Ben. I know v * a = w

 

For the lime at 700ma that's 1.89 watts, but that is total power consumed. I suppose that's enough to figure out heat sink requirements if you want to overbuild a fixture, but would not an engineer want to know specifically how many watts in heat they need to dissipate. No?

 

I still want to know the actual efficiency of the Luxeon lime. How many watts go to light and how many to heat. Lets call them x and y.

 

We get 1.89 = x + y

 

Unless I reeeeally wasn't paying attention in high school, that's not a solvable equation. I don't see anything on the Luxeon data sheet that helps me resolve either x or y.

 

There will be some efficiency loss with the application of phosphor, but realistically lime should still be at least 40% efficient.

 

 

Is this a guess on your part or do you have some additional info? Everything I've seen shows that there is a huge efficiency loss with the use of phosphors.

 

Say, this isn't one of those "I could tell ya, but then I'd have to kill ya" NDA kinda things is it? :furious:

 

In other random LEDness...

 

I just realized that Nanobox is using the Luxeon T package for their royal blue and whites.
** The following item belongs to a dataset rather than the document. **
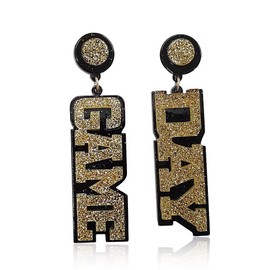 Zhang shine Game Day Earrings for Women, Sparkle Gold Acrylic Game Day Letter Football Earrings Game Day Accessories Team Sports Fan Earrings Football Team Gifts Jewelry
Looking at the a typical luminous flux for a 5000K led for the T vs Rebel ES @700ma (as close to apples to apples as I can get) it looks like the T gets you around a 30% efficiency boost... which puts gives you a good boost over the luminous efficacy of a typical T5 (which is probably higher than the T5 HO aquarium bulbs).

 

Wow, do those amber/red Rebel leds lose efficiency as junction temperature increases!

 

Sigh, cleaning. Guess I can't avoid it any longer...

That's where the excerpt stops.